Hi,
Not sure this is the case for your Bad Performance, but you are Meassuring Data creation and
Insertion together. Your Data creation involves Lots of class casts which are probably quite
Slow.
Try
Timing only the b.send Part and See how Long that Takes.
Roland
Am 03.05.2011 um 12:30 schrieb "charles THIBAULT" <charl.thibault@gmail.com>:
> Hello everybody,
>
> first: sorry for my english in advance!!
>
> I'm getting started with Cassandra on a 5 nodes cluster inserting data
> with the pycassa API.
>
> I've read everywere on internet that cassandra's performance are better than MySQL
> because of the writes append's only into commit logs files.
>
> When i'm trying to insert 100 000 rows with 10 columns per row with batch insert, I'v
this result: 27 seconds
> But with MySQL (load data infile) this take only 2 seconds (using indexes)
>
> Here my configuration
>
> cassandra version: 0.7.5
> nodes : 192.168.1.210, 192.168.1.211, 192.168.1.212, 192.168.1.213, 192.168.1.214
> seed: 192.168.1.210
>
> My script
> *************************************************************************************************************
> #!/usr/bin/env python
>
> import pycassa
> import time
> import random
> from cassandra import ttypes
>
> pool = pycassa.connect('test', ['192.168.1.210:9160'])

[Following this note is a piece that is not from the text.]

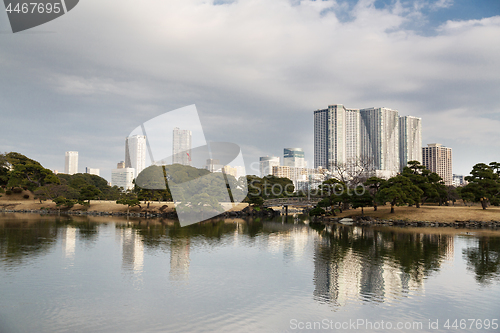 Image of hamarikyu gardens public park in tokyo city, japan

> cf = pycassa.ColumnFamily(pool, 'test')
> b = cf.batch(queue_size=50, write_consistency_level=ttypes.ConsistencyLevel.ANY)
>
> tps1 = time.time()
> for i in range(100000):
> columns = dict()
> for j in range(10):
> columns[str(j)] = str(random.randint(0,100))
> b.insert(str(i), columns)
> b.send()
> tps2 = time.time()
>
>
> print("execution time: " + str(tps2 - tps1) + " seconds")
> *************************************************************************************************************
>
> what I'm doing rong ?
|